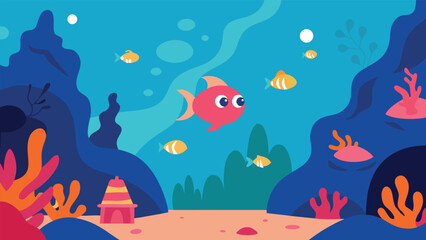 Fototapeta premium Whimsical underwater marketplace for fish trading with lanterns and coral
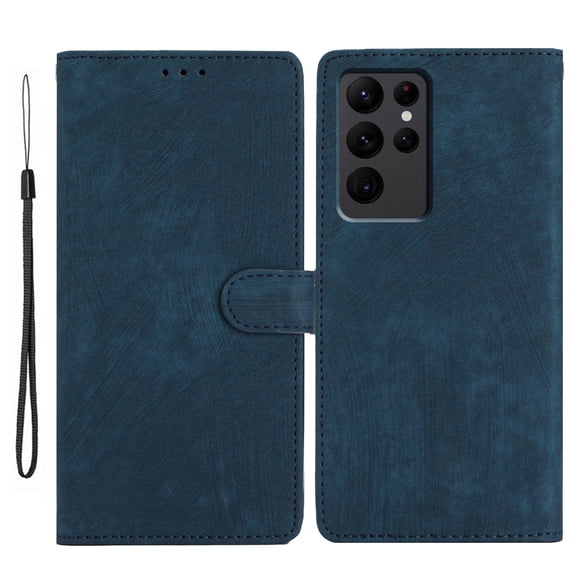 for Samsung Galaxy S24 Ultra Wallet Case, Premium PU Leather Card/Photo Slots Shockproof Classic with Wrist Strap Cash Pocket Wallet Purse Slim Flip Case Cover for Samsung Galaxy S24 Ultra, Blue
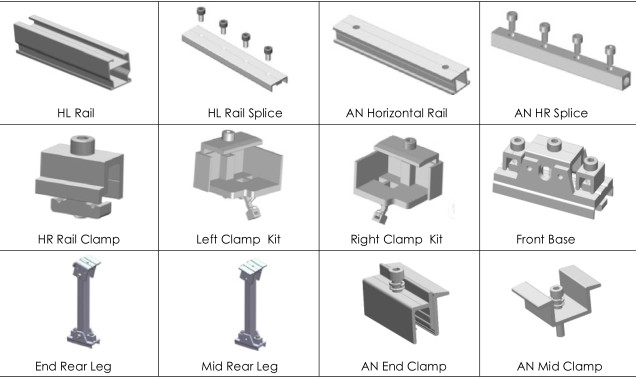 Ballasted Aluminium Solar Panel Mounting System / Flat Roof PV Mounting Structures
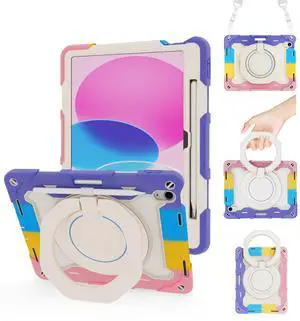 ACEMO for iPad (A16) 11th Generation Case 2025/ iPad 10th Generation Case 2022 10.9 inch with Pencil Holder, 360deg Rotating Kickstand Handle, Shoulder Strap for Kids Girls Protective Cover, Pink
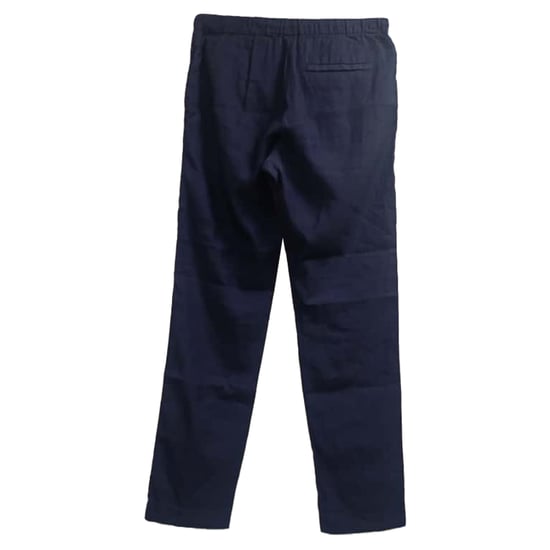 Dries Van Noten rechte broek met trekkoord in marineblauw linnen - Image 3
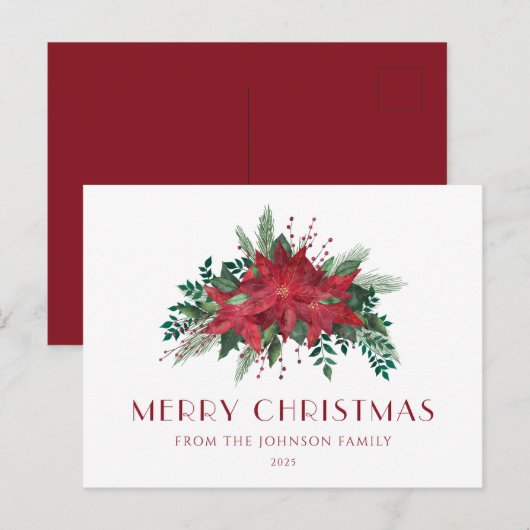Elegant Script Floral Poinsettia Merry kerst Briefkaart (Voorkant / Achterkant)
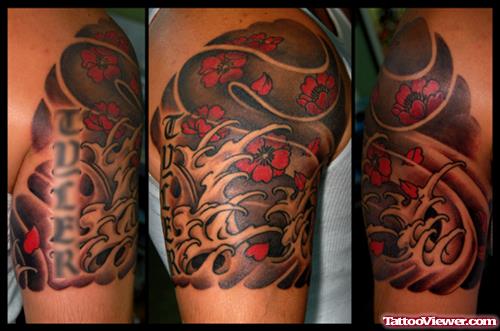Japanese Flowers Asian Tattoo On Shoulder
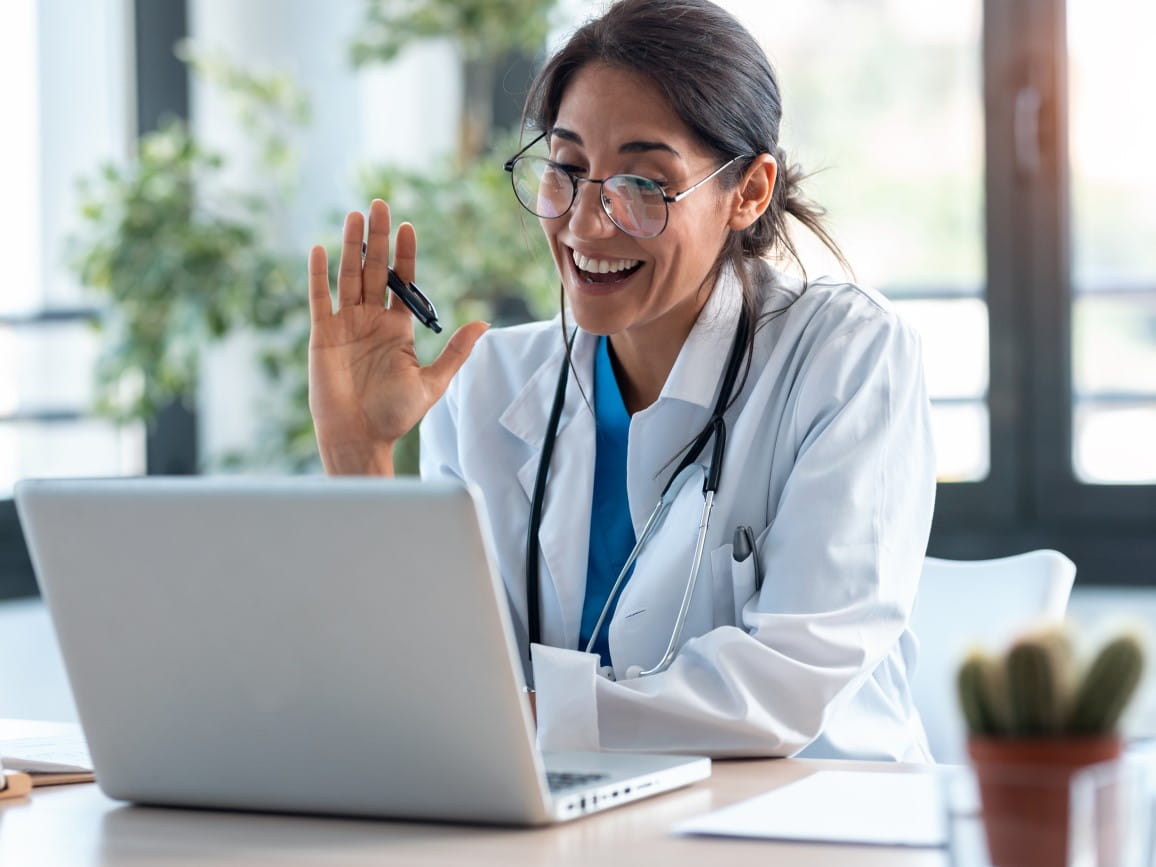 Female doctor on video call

▶ **Directions for this task**: Give again, word for word, the lines above from the one with "Elegant Script Floral" through the final line of the data, both ends included. Do not copy any picture.

▶ **Solved problem**:
Elegant Script Floral Poinsettia Merry kerst Briefkaart (Voorkant / Achterkant)
Japanese Flowers Asian Tattoo On Shoulder
 Female doctor on video call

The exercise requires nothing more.